Big
capital is gaining twice from tax reductions
by system
failure
According to
a 2010 document under the title "Federal Debt and Interest
Costs", released by the US Congressional Budget Office (CBO):
"Debt
held by the public
consists mostly of securities that the Treasury issues to raise cash
to fund the activities of the government, including the securities
sold to pay off maturing securities. The amount the Treasury borrows
or redeems is determined primarily by the budget deficit or surplus
in a given year. CBO projects that, under current law, debt held by
the public will surpass $16 trillion by 2020, reaching nearly 70
percent of GDP. Many other outcomes are possible, however. If,
for example, the tax reductions enacted earlier in the decade were
continued, the alternative minimum tax was indexed for inflation, and
future annual appropriations remained the same share of GDP that they
were in 2010, debt held by the public would total nearly 100 percent
of GDP by 2020.”
This means that, the biggest corporations earn more
money by paying less taxes in social benefits, but government also
borrows more money to replace tax losses and cover increasing needs.

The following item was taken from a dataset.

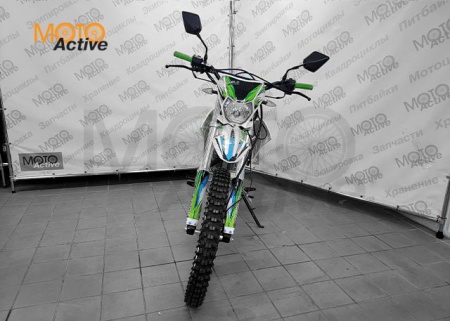Кроссовый мотоцикл WELS MX250RL (Зеленый)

Therefore, the biggest investors also earn more money by lending
government. Given that the biggest investment banks and corporations
are connected through various ways, it seems that the financial
elites are gaining twice by tax reductions.
Beyond
this, it would be interesting to see that, for the years 2011 and
2012 the US debt held by the Federal Reserve reached record levels
since 1940, (11.2% of GDP in 2011 and 10.6% of GDP in 2012). Only one
time reached such levels, just after WWII (10.7% of GDP in 1946).
[Table 7.1,
http://www.whitehouse.gov/omb/budget/historicals]
It
is also worth to notice that, for these two years, the estimated percentage
share of debt held by domestic private investors in "debt held
by the public", followed the percentage share of debt held by
the Federal Reserve. More specifically, in 2011, the percentage share
of debt held by domestic private investors was 32% while the
percentage share of debt held by the Federal Reserve was 16%
(http://www.gao.gov/special.pubs/longterm/pdfs/estimated-ownership2011.txt).

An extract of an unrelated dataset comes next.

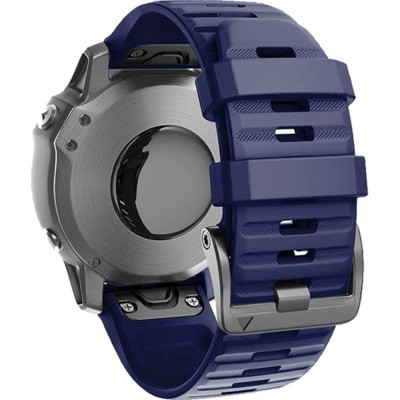 Ремінець ARMORSTANDART для Garmin Fenix 5x/6x Silicone 26mm Dark Blue (ARM60804) Ремінець ARMORSTANDART для Garmin Fenix 5x/6x Silicone 26mm Dark Blue (ARM60804)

Next year, 2012, the estimated percentage share of debt held by domestic
private investors dropped by 1% (at 31%), exactly as much as the
percentage share of debt held by the Federal Reserve (15%),
(http://www.gao.gov/special.pubs/longterm/pdfs/estimated-ownership2012.txt).
What
is depicted here, is an increasingly dependent government on Federal
Reserve's QE policies which are circulated inside the system and load
government with more debt. It seems that, the government struggles to
retain social benefits at a certain level while at the same time the
financial elites are gaining more and more.
It
is characteristic that Obama struggles to pass the plan for $10.10
per hour national minimum wage, even if this would not be enough to improve
the life of millions of American workers who are working very hard to
pay the bills and secure a decent life for their families, but the
financial-corporate lobbyists will find the opportunity to demand
more tax-cuts, exactly because they are gaining twice from tax
reductions.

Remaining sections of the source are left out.